What can I do without the Ombudsman to help me?? Do I even have a leg to stand on or should I reluctantly admit defeat?
As said earlier in this thread, you are now on your own. Consumers should only go to The EO if they believe that they have a cast iron case, or win or lose doesn't really matter. The best you can hope for now is that the supplier gives you time to pay but there is no guarantee that it will do so.This is a system account and does not represent a real person. To contact the Forum Team email forumteam@moneysavingexpert.com0 -
If you do go to court you will need to set out exactly what you are claiming for. You appear to have had a supply for about two years. So you will need to set out year by year how much you have been charged and how much you think you should have been charged. Since you have meter readings you should be able to do this. If I understand this correctly you are claiming because if you had of know that the tariff you were on was expensive you could have switched sooner and you could have paid less. But I would question whether your current £50 a month is enough. If you check on this forum you will find that heating by electricity can be very expensive and could cost a lot more than the payment you are making.
Having said that if you think you have a case you can fill in a few forms for the Small Claims court and represent yourself. All it will cost will be the court fee which will be no more than £209 depending on your claim size.
Agree with this.
Look at the payments you have made as well as the actual readings you have.

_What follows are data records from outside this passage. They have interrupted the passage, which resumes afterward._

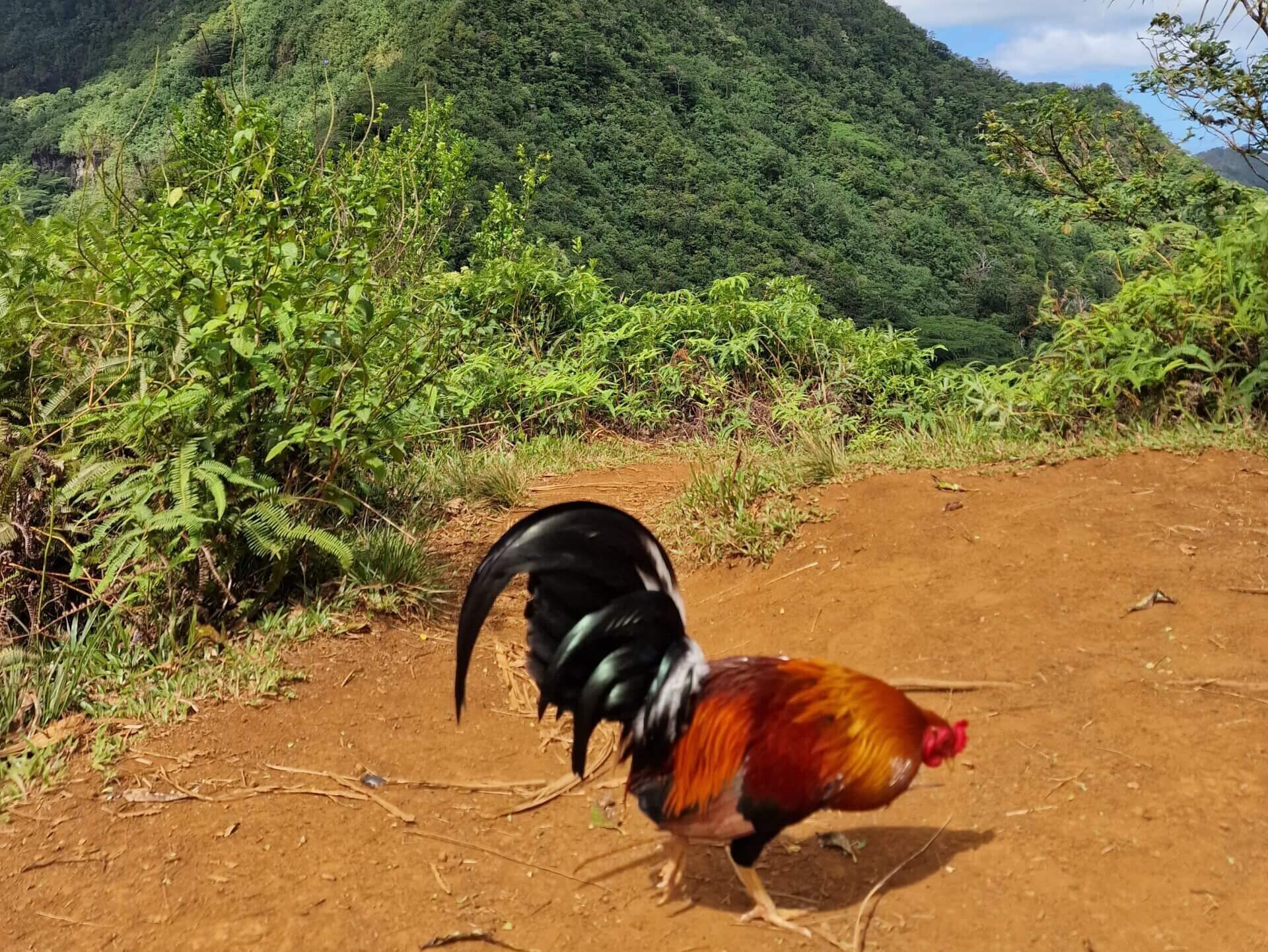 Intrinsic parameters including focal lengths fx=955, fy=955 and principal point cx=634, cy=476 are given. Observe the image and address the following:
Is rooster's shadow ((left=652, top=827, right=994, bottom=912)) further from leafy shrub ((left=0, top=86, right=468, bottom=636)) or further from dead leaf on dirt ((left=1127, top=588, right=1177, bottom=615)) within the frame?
leafy shrub ((left=0, top=86, right=468, bottom=636))

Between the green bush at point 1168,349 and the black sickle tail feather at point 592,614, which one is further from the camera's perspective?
the green bush at point 1168,349

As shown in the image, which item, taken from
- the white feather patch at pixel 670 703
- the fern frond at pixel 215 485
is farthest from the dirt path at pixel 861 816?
the fern frond at pixel 215 485

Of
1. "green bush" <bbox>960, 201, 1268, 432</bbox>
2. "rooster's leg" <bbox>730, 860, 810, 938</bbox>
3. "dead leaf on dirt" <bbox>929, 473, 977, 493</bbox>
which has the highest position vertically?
"green bush" <bbox>960, 201, 1268, 432</bbox>

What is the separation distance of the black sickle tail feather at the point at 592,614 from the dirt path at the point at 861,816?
0.64 metres

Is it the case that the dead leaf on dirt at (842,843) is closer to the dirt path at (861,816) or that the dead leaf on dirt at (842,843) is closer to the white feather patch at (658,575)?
the dirt path at (861,816)

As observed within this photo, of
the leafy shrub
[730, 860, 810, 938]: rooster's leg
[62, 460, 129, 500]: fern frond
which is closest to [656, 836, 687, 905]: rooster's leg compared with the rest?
[730, 860, 810, 938]: rooster's leg

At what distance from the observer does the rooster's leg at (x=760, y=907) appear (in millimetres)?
2500

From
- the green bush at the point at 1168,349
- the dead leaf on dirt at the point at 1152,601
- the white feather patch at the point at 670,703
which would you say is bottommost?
the white feather patch at the point at 670,703

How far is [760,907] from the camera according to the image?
8.30 feet

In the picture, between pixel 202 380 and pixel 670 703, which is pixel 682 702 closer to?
pixel 670 703

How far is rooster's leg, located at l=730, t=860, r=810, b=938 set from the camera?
2500 millimetres

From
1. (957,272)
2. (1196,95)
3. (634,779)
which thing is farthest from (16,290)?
(957,272)

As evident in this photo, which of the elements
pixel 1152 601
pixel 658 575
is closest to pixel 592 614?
pixel 658 575

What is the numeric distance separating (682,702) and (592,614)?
1.12ft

The only mention I can see of a previous bill was for £23, obviously way to low for a quarters use so it may be a left over part of a bill.
If you still have (acces to) the preceding bills you can use these to help build your case. Do they obvioulsy show the readings as estimates, or do they have some meter reader ones in there too?
How much do you think you should pay for 2 years worth of electricity? (How many kWh did you use in that time?)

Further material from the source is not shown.